START Data extract
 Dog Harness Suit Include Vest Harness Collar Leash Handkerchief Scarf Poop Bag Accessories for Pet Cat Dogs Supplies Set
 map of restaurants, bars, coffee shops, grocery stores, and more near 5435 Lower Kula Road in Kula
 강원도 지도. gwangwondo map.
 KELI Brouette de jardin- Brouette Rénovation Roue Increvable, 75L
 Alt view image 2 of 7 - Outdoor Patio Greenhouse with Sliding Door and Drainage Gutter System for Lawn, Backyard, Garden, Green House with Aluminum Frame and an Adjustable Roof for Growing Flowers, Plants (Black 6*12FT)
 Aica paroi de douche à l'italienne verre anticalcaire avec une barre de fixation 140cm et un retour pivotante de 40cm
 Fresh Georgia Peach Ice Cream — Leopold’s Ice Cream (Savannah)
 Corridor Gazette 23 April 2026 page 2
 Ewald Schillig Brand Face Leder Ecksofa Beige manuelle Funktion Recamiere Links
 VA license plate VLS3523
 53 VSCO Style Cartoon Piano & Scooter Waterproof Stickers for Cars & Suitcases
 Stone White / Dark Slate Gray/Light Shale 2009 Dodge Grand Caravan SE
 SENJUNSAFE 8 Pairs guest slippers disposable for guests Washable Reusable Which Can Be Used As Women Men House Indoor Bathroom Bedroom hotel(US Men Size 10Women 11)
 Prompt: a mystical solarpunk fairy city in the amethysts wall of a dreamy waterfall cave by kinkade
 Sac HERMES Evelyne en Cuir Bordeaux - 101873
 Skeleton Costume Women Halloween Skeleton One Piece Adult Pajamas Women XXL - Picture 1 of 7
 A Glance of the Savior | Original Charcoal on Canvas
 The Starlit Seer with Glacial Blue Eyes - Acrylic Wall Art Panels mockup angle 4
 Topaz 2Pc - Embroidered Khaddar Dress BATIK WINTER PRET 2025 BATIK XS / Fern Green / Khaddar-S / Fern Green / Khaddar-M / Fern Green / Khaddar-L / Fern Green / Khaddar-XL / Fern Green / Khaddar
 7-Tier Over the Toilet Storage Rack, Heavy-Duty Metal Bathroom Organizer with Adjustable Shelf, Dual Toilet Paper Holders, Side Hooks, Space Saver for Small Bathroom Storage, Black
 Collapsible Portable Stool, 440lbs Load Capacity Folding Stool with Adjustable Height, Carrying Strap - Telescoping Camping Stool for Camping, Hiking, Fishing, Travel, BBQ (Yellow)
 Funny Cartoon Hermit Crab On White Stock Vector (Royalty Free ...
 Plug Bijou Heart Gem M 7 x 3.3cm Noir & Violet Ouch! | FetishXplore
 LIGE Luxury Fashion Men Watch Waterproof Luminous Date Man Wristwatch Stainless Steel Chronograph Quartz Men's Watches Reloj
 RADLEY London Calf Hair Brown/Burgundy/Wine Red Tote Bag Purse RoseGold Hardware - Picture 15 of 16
END Data extract
Exercise →
Return all of the data above exactly, leaving out no line.

Reply to the task →
 Dog Harness Suit Include Vest Harness Collar Leash Handkerchief Scarf Poop Bag Accessories for Pet Cat Dogs Supplies Set
 map of restaurants, bars, coffee shops, grocery stores, and more near 5435 Lower Kula Road in Kula
 강원도 지도. gwangwondo map.
 KELI Brouette de jardin- Brouette Rénovation Roue Increvable, 75L
 Alt view image 2 of 7 - Outdoor Patio Greenhouse with Sliding Door and Drainage Gutter System for Lawn, Backyard, Garden, Green House with Aluminum Frame and an Adjustable Roof for Growing Flowers, Plants (Black 6*12FT)
 Aica paroi de douche à l'italienne verre anticalcaire avec une barre de fixation 140cm et un retour pivotante de 40cm
 Fresh Georgia Peach Ice Cream — Leopold’s Ice Cream (Savannah)
 Corridor Gazette 23 April 2026 page 2
 Ewald Schillig Brand Face Leder Ecksofa Beige manuelle Funktion Recamiere Links
 VA license plate VLS3523
 53 VSCO Style Cartoon Piano & Scooter Waterproof Stickers for Cars & Suitcases
 Stone White / Dark Slate Gray/Light Shale 2009 Dodge Grand Caravan SE
 SENJUNSAFE 8 Pairs guest slippers disposable for guests Washable Reusable Which Can Be Used As Women Men House Indoor Bathroom Bedroom hotel(US Men Size 10Women 11)
 Prompt: a mystical solarpunk fairy city in the amethysts wall of a dreamy waterfall cave by kinkade
 Sac HERMES Evelyne en Cuir Bordeaux - 101873
 Skeleton Costume Women Halloween Skeleton One Piece Adult Pajamas Women XXL - Picture 1 of 7
 A Glance of the Savior | Original Charcoal on Canvas
 The Starlit Seer with Glacial Blue Eyes - Acrylic Wall Art Panels mockup angle 4
 Topaz 2Pc - Embroidered Khaddar Dress BATIK WINTER PRET 2025 BATIK XS / Fern Green / Khaddar-S / Fern Green / Khaddar-M / Fern Green / Khaddar-L / Fern Green / Khaddar-XL / Fern Green / Khaddar
 7-Tier Over the Toilet Storage Rack, Heavy-Duty Metal Bathroom Organizer with Adjustable Shelf, Dual Toilet Paper Holders, Side Hooks, Space Saver for Small Bathroom Storage, Black
 Collapsible Portable Stool, 440lbs Load Capacity Folding Stool with Adjustable Height, Carrying Strap - Telescoping Camping Stool for Camping, Hiking, Fishing, Travel, BBQ (Yellow)
 Funny Cartoon Hermit Crab On White Stock Vector (Royalty Free ...
 Plug Bijou Heart Gem M 7 x 3.3cm Noir & Violet Ouch! | FetishXplore
 LIGE Luxury Fashion Men Watch Waterproof Luminous Date Man Wristwatch Stainless Steel Chronograph Quartz Men's Watches Reloj
 RADLEY London Calf Hair Brown/Burgundy/Wine Red Tote Bag Purse RoseGold Hardware - Picture 15 of 16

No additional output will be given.